Mein BDSM-Blogartikel: „Aber bitte mit Seele?! Das Kennenlernen von Sub und Dom“

FSK 18 – Bitte nur Erwachsene lesen, danke.

Immer wieder kann es im Leben zu Situationen der Neu- und Umorientierung kommen. Eine Verbindung, eine Übereinkunft endet aus irgendwelchen Gründen. Ob seelischer Schmerz oder Erleichterung, Trauer oder Freude, die vielfältigsten Emotionen gilt es nach einem solchen Ende zu reflektieren und zu verarbeiten.
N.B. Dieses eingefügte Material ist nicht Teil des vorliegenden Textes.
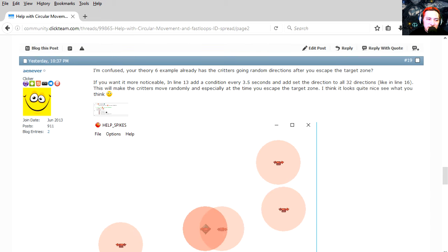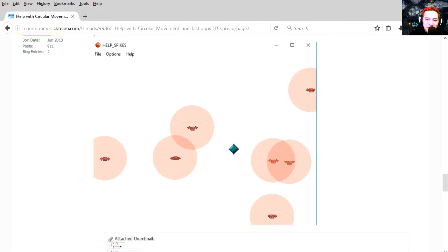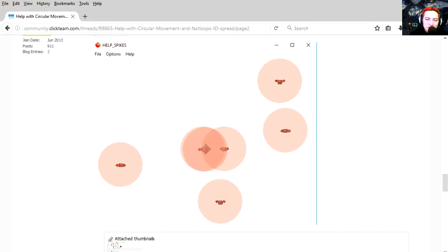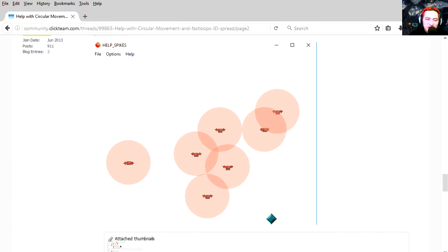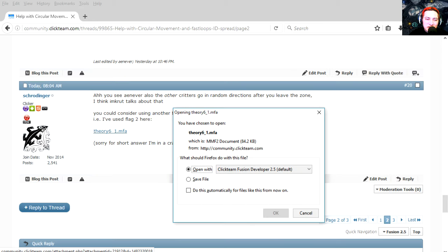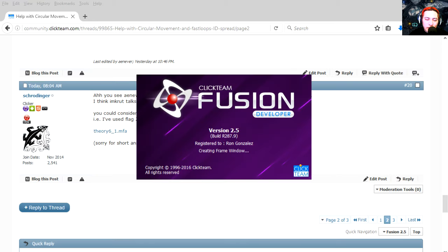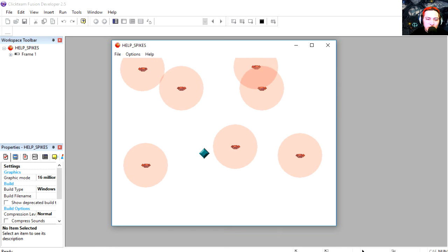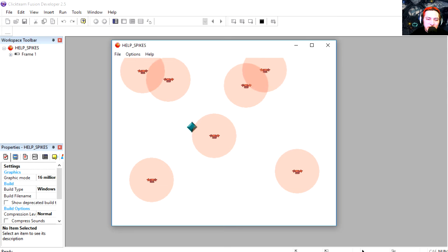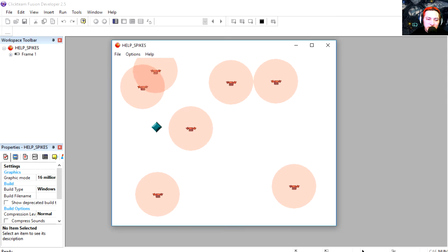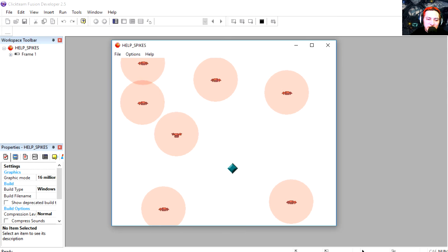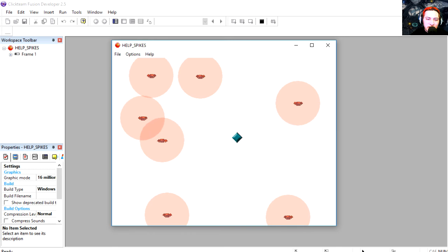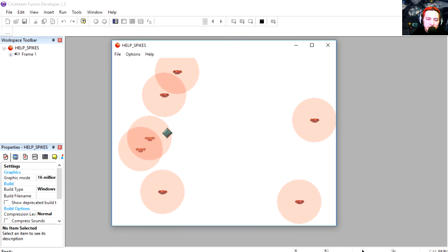And Aenever posted an example too which looks pretty good. He even posted a video. Let me just load the example and show you what it looks like. Loading in Fusion, let's run the example. So if you overlap the sensors they chase you, and when you don't overlap the sensors they simply fly into random directions.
Hierbei verwende ich für mich gerne die Metapher eines Schrankes, welcher auf einem Dachboden stehend, gefüllt mit allerlei verschieden großen Schachteln. Diese Schachteln repräsentieren Menschen, Ereignisse und Lebensabschnitte in einem Leben, die bereits der Vergangenheit angehören.
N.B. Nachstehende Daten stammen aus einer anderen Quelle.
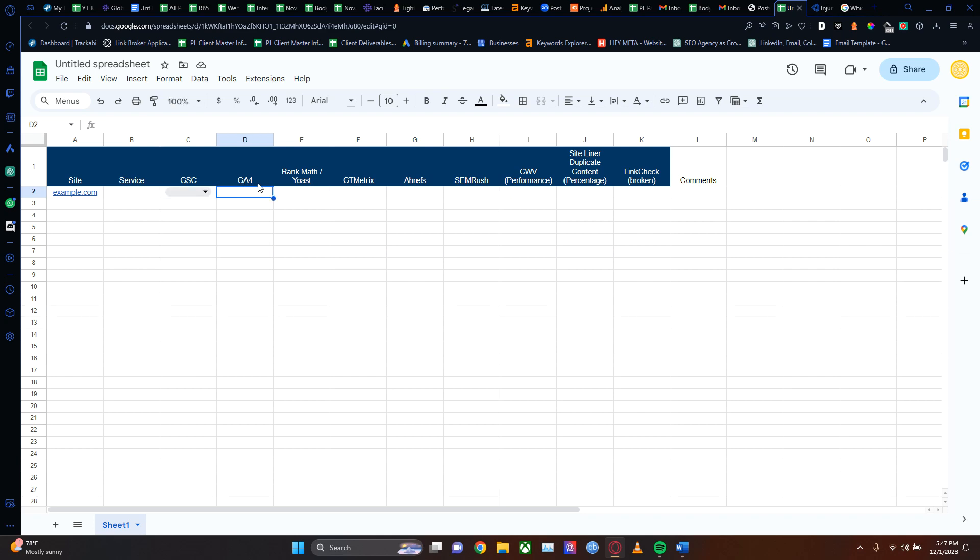GA4 - if you have Google Analytics 4 set up, what are the general trends? Is it trending upwards, downwards, or neutral? Whatever comment you want to put in there, put that in there. The SEO score - if you're doing All in One SEO, Yoast, Rank Math - what's the general health of the website?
Auf der einen Schachtel mag „Meine Schulzeit“ stehen, auf der anderen „Mein erster Freund“. Und auf wieder anderen Schachteln befinden sich die bisher gemachten Erfahrungen im Bereich der Submission. Idealerweise befinden sich auf all den Behältern auch Deckel, denn nur auf diese Weise sind diese Kisten auch verschlossen und als gewesen kategorisiert. Schwieriger könnte es hingegen werden, wenn eine dieser Kisten oder auch mehrere offen in diesem Schrank des Lebens verweilen. Dieser Sachverhalt zeigt auf, dass das Geschehnis wohl bereits passierte, doch scheinbar noch nicht gänzlich verarbeitet und abgelegt wurde unter der Rubrik „Vergangenes“. So reicht der Atem des Inhalts der offenen Schachteln in die Gegenwart und vermag auch die Zukunft zu färben.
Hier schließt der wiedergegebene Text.